Embora não reste dúvida de que, historicamente, os seres humanos erigiram os grandes edifícios simbólicos que constituem a ordem social com vistas a tornar possível a sobrevivência da espécie num ambiente natural inóspito, é sempre bom lembrar que tais edificações garantem aos homens a proteção contra a angústia originária que, acompanhando Heidegger, dormindo no ser-aí, pode, no entanto, ser despertada revelando o Nada – não o nada como “ao lado” do ente em sua totalidade, mas o nada no ente como perda de mundo, como fuga do ente em sua totalidade. O modo de ser do impessoal tende a expulsar o nada: “quanto mais nos voltamos para o ente em nossas ocupações, tanto menos nós o deixamos enquanto tal, e tanto mais nos afastamos do nada. E tanto mais seguramente nos jogamos na pública superfície do ser-aí”. (Heidegger,  1983, p. 41).

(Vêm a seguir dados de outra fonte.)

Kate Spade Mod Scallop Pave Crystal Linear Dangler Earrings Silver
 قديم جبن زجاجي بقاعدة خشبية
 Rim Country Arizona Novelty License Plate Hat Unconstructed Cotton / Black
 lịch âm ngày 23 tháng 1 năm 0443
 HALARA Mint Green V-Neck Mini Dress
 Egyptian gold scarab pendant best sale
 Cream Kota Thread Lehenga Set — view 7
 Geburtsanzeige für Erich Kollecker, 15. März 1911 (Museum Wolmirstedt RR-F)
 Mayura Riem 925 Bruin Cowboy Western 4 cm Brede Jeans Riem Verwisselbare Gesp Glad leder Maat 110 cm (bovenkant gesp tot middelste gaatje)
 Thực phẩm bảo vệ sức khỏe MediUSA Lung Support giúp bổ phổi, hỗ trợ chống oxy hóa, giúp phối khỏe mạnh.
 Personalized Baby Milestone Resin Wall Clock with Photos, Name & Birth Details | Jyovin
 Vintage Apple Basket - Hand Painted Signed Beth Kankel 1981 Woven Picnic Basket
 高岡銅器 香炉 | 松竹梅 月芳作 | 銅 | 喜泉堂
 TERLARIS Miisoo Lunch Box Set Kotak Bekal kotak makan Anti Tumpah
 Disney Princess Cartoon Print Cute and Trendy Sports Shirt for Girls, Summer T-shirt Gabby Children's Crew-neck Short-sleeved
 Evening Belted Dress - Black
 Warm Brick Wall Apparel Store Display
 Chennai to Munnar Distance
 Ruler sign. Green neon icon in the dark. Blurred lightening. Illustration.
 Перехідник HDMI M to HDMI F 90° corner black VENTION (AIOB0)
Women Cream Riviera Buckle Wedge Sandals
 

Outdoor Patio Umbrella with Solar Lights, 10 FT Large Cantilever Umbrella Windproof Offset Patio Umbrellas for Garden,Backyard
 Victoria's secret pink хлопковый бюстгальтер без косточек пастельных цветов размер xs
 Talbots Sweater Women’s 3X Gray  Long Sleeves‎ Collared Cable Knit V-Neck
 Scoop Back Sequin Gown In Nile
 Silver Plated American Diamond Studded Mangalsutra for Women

O niilismo é o grande pensamento da Lucidez, da mais luminosa Aurora, que descerra o horizonte do Nada, como experiência da nulidade, da insignificância, do desamparo, da perda, do Vazio para afirmar o real como domínio de infinitas possibilidades e a vida, na esteira de Nietzsche, como complexo de múltiplas interpretações configuradoras, criadoras de novas formas de existência. Sendo os seres humanos animais simbólicos dotados de uma consciência antecipada da morte, o niilismo deve afirmar seu poder de dessacralização sob o regime hermenêutico do signo da Morte, à luz do qual cada indivíduo humano é lembrado de que “ganha a sua vida como uma dádiva, surge do nada, depois sofre a perda dessa dádiva através da morte, voltando ao nada”. É sob o regime hermenêutico do signo da Morte que o niilismo deve lembrar aos indivíduos, contra as suas manias de grandeza, contra seus empedernidos hábitos de rivalizar, disputar e até matar em nome de suas crenças ilusórias, justificadas metafisicamente, contra suas aparentemente inofensivas loucuras diárias que os fazem subservientes do falatório e de seus dispositivos de interpretação que visam a assegurar ser o mundo, o real tal como dele se fala – é, repito, sob o regime hermenêutico da Morte que o niilismo deve lembrar aos indivíduos “que seu lugar e duração (...) são partes finitas de um infinito, de um ilimitado” e que



 sua existência propriamente dita encontra-se apenas no presente, cujo escoar sem obstáculos no passado é uma transição contínua para a morte, um sucumbir sem interrupção (...) pois sua vida passada já terminou por inteiro, morreu e não mais existe. (Schopenhauer, 2015, p. 360).